• [What you will do]: Please transcribe the data exactly as shown, skipping the images.

• [Source material]:
• • • • •
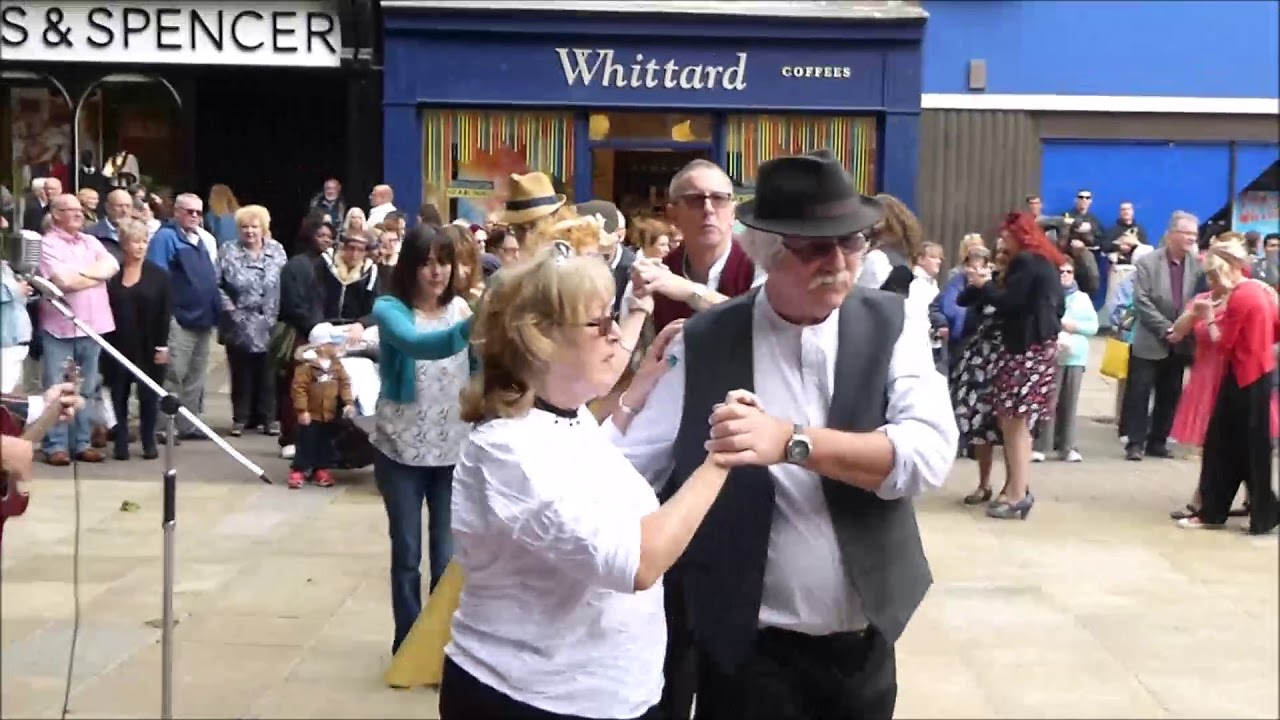 York Vintage Dance Group - Street Dance Performance - Barn Dance Jive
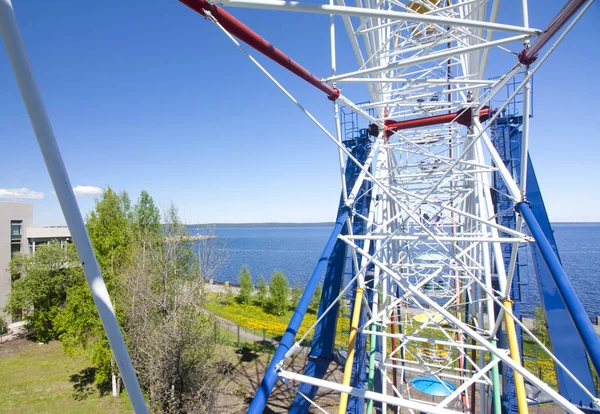 Vue sur le lac Onego depuis la grande roue de Petrozavodsk, Russie . — Photo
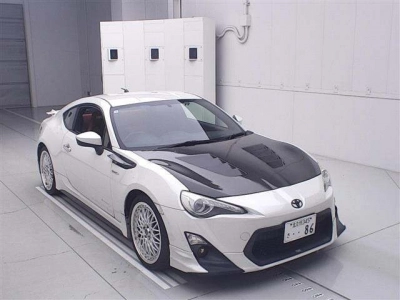 TOYOTA 86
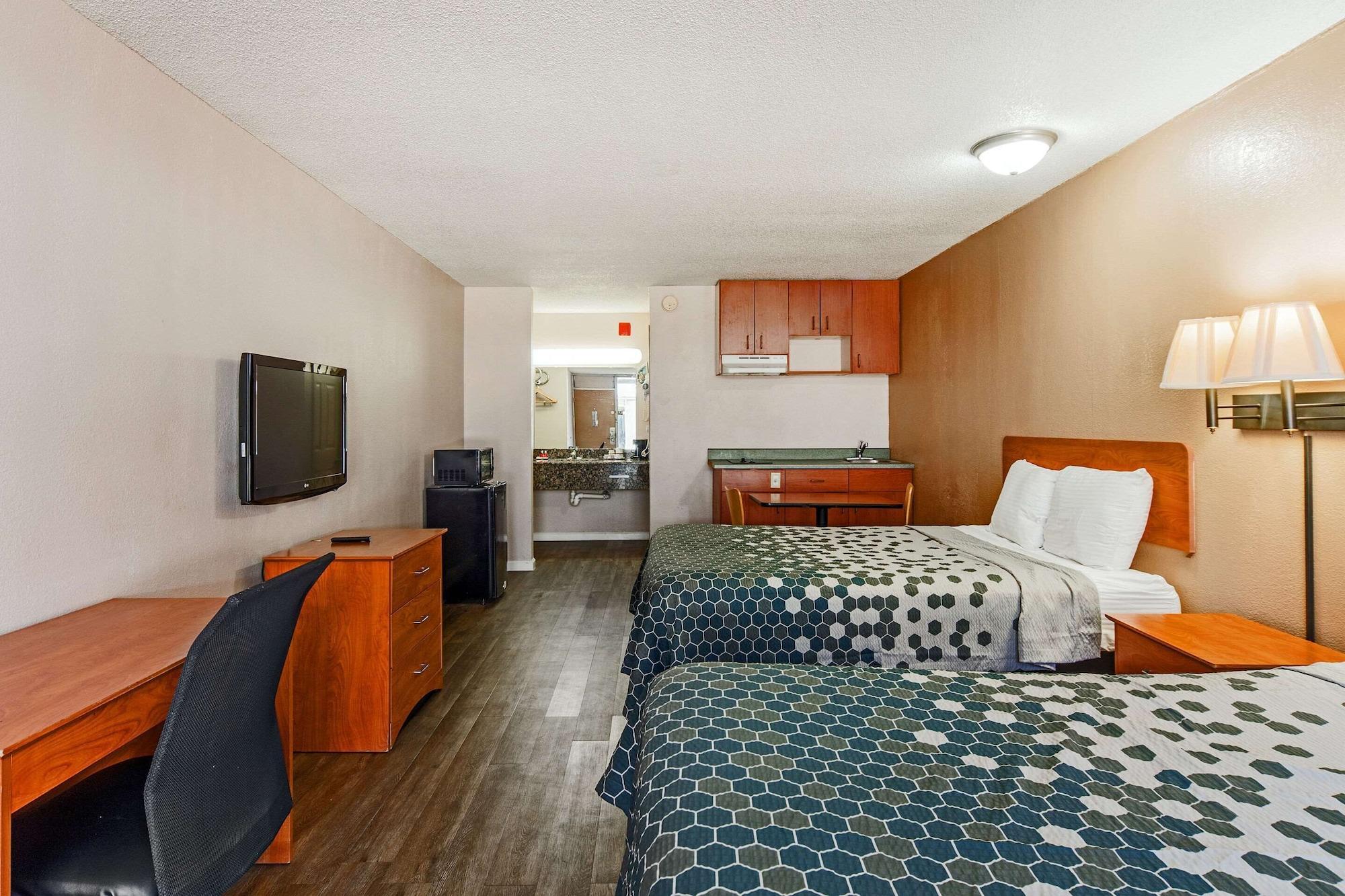 Econo Lodge Inn & Suites Near Bricktown Oklahoma City Exteriör bild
• • • • •
• [Answer box]:
 York Vintage Dance Group - Street Dance Performance - Barn Dance Jive
 Vue sur le lac Onego depuis la grande roue de Petrozavodsk, Russie . — Photo
 TOYOTA 86
 Econo Lodge Inn & Suites Near Bricktown Oklahoma City Exteriör bild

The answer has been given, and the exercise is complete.